Once, the Board "declined" an "invitation to announce and apply a new legal rule" in denying a request for rehearing in Ex parte Kreiling, No. 2014-005850 (P.T.A.B. May 21, 2017), the requested "new rule" being: "when an examiner’s answer contains a new ground of rejection, the Board should ignore the examiner's new arguments and/or new findings of fact as untimely for purposes of determining patentability and consider the inclusion of the new grounds of rejection as a tacit admission that the rejections in the final office action are fatally flawed."  To back up the request, the appellants cited to Ex parte Yudoovsky, No. 2011-006238 at 5 n.3 (B.P.A.I. Feb. 16, 2012), in which the Board "decline[d] to consider [a] new [rejection] rationale because it implicitly constitutes an unauthorized new ground of rejection" and "[t]he 'Response to Arguments' section of the Answer is not an appropriate place to raise a new rationale for unpatentability", and Ex parte Haalck, No. 2010-002620 at 3-4 (B.P.A.I. July 14, 2010), where the Board decided that "[t]he Examiner’s Answer does not contain a statement that a new ground of rejection was entered into the record", so "the rejections relying on the full disclosures of [three cited references] are not properly before this panel."  Aside from finding the requested "new rule" in contravention of  37 C.F.R. § 41.40(a), and the two cited decisions non-binding, the Board also found that the

proposed rule represents poor policymaking. Were we to adopt the proposed rule, an applicant would be able to avoid addressing the merits of an undesignated new ground of rejection—whether by presenting evidence, amending claims, or presenting argument—merely by asking the Board to recognize the examiner's undesignated new ground of rejection as such. The public interest is not served by allowing an applicant to avoid addressing the merits of a new ground of rejection—whether or not it is so designated—presented for the first time in the examiner’s answer. Nor is treating the inclusion of a new ground of rejection in an examiner’s answer as a tacit admission by the examiner that the rejections in the final office action are fatally flawed consistent with the law.  As our reviewing court stated, "[p]atent examiners are quasi-judicial officials" and therefore do not make admissions, but rather make findings of fact and conclusions based on their factual findings. Western Elec. Co. v. Piezo Tech., Inc., 860 F.2d 428, 431 (Fed. Cir. 1988).

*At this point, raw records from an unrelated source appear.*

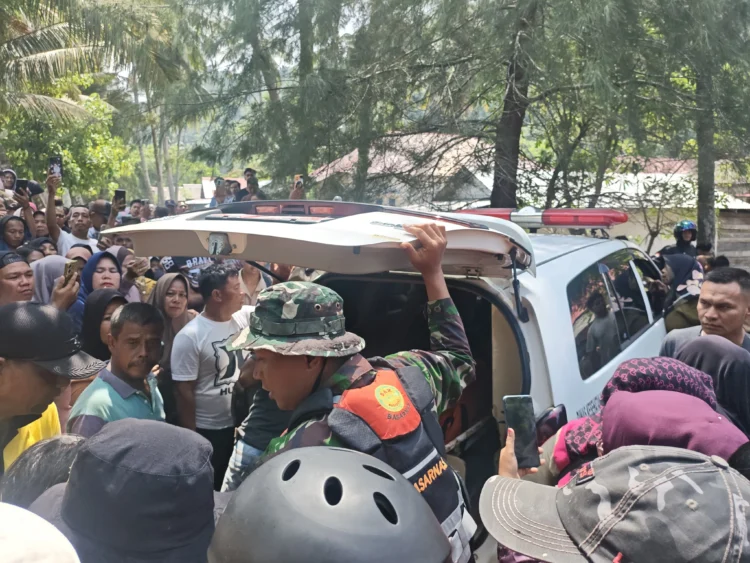 Korban saat dievakuasi Tim SAR, Sabtu (22/8/3026)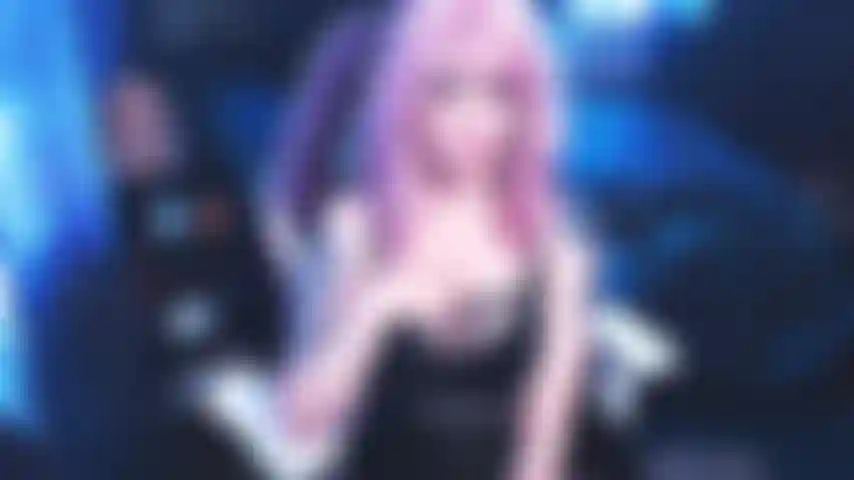 Negazione della fica e adorazione del culo con la dea valchiria.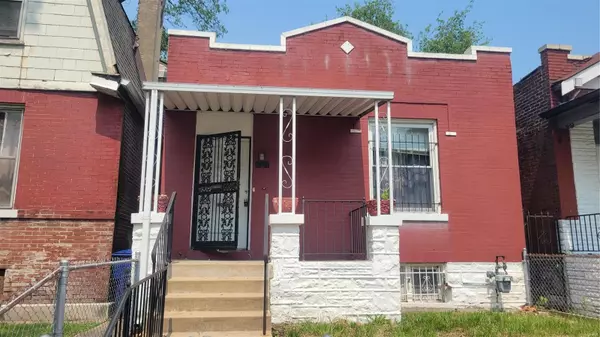 4217 Clarence AVE, St Louis, MO 63115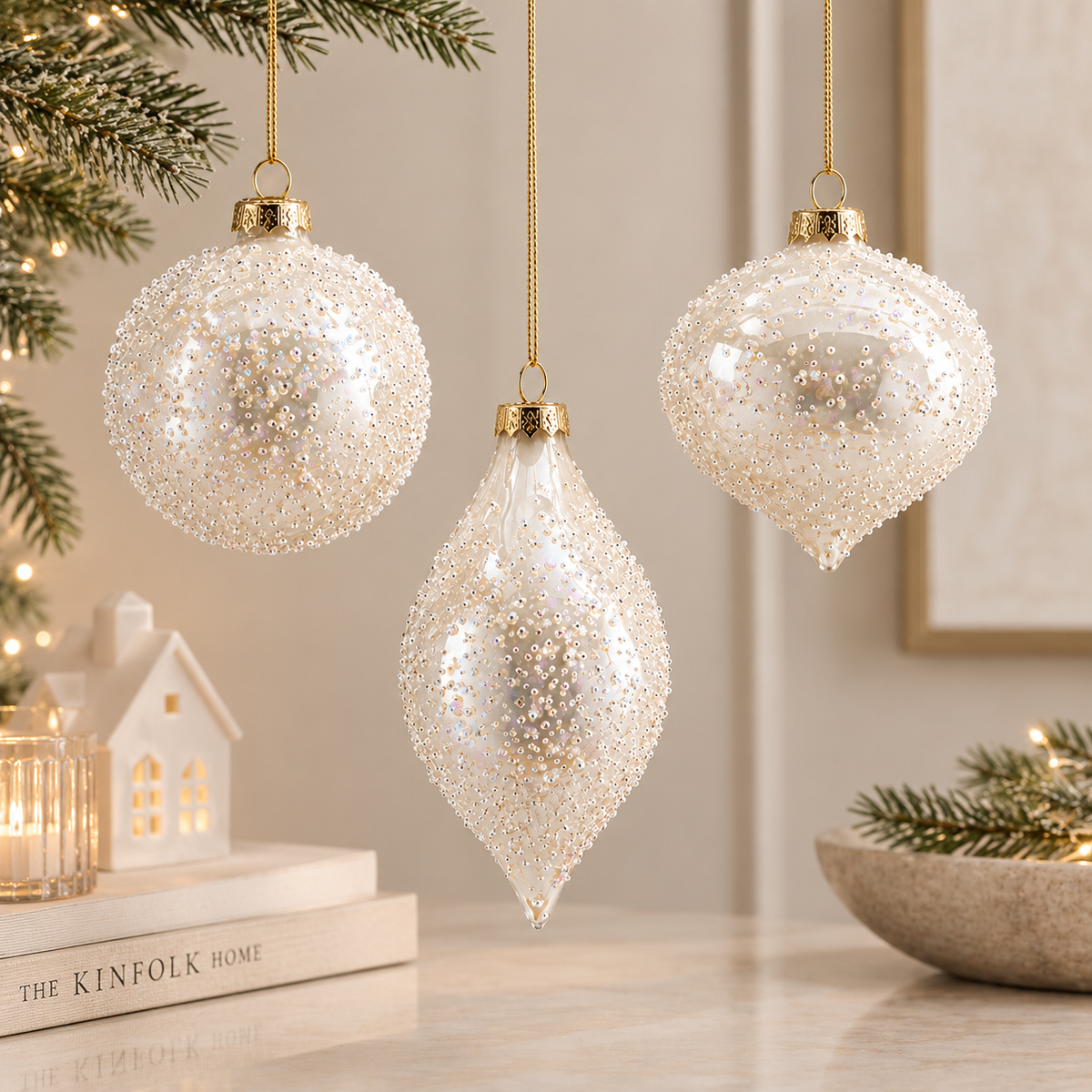 Addobbo di Natale in Vetro Bianco Perlato con Perline e Paillettes Iridescenti – 10 cm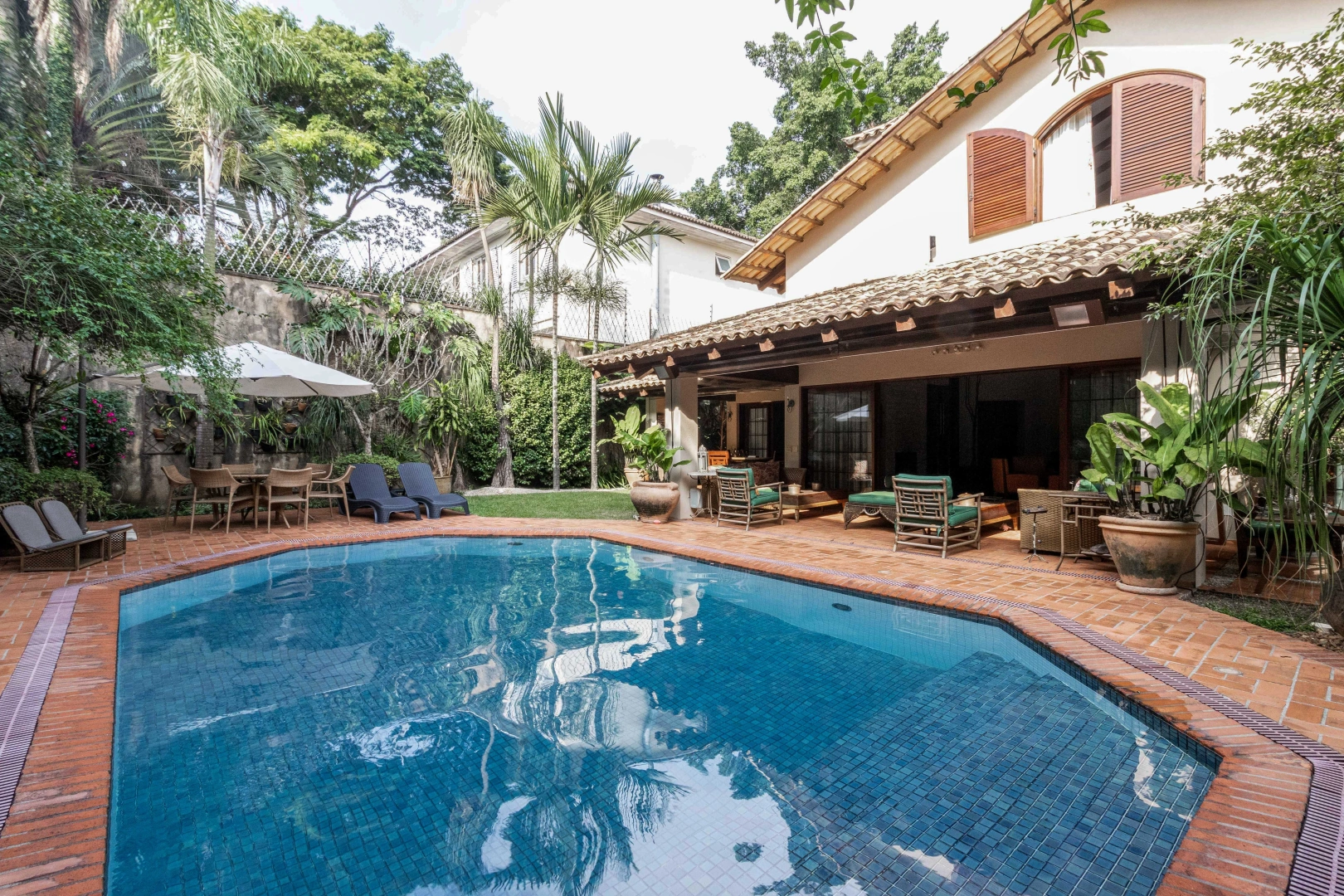 Casa com projeto de Marcos Tomanik - Imagem 2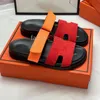 Gratis frakt Sandal Kvinnor Designer Slides Chypre Slippers Läder Canvas Slide Fuzzy Plush Slipper Orange Red Womens Summer Shoes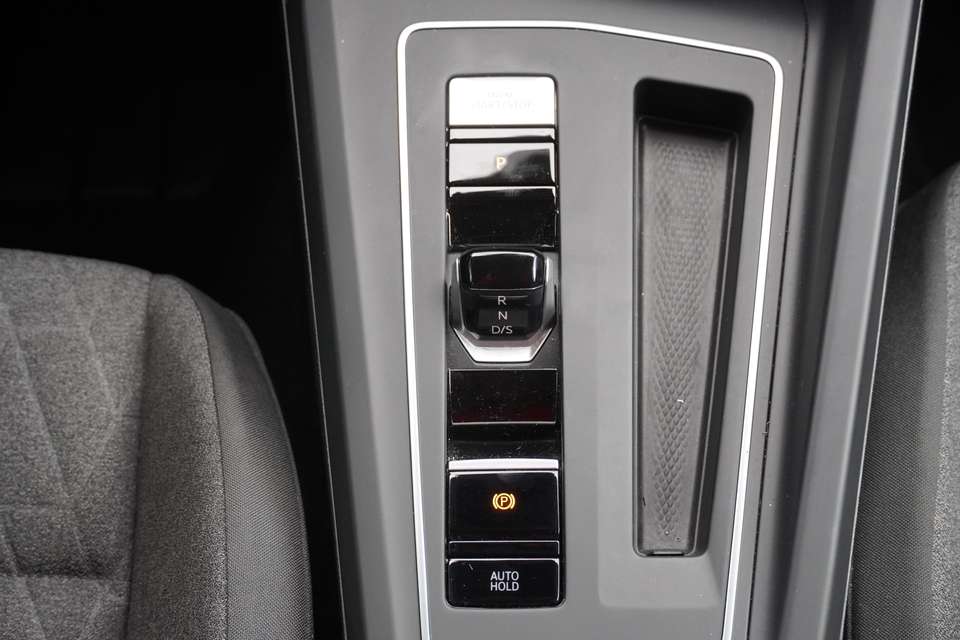 Volkswagen Golf - Imagem 13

Although no serious fault can be found in this reasoning, it can scarcely be disputed that the procedural setup for responding to new grounds of rejection on appeal places multiple burdens on the appellant: the burden of catching the newly introduced or re-introduced ground; the burden of recognizing the rejection as an undesignated "new ground"; and the burden of making the strategic decision of whether to proceed to the Board in spite of the new ground, or if not, the burden of filing the petition to have the rejection denominated as a new ground and to return the application to prosecution to address it.  By contrast to the waiver imposed on the appellant who does not petition, there is no consequence for the examiner who violates the rules by not properly designating a new ground of rejection.  On top of these applicant burdens, costly appeal forwarding fees can be wasted if new grounds on appeal are not timely caught.  Appellants should never assume that a withdrawn ground reintroduced in an examiner's answer brief will be taken by the Board for the copy-and-paste error that it appears to be.

Doubtless many applicantseven those represented by experienced practitioners, in some caseshave fallen prey to various forms of the "undesignated new grounds" trap and will continue to do so as long as the rules favor examiner trickiness or carelessness over balance in procedural burdens.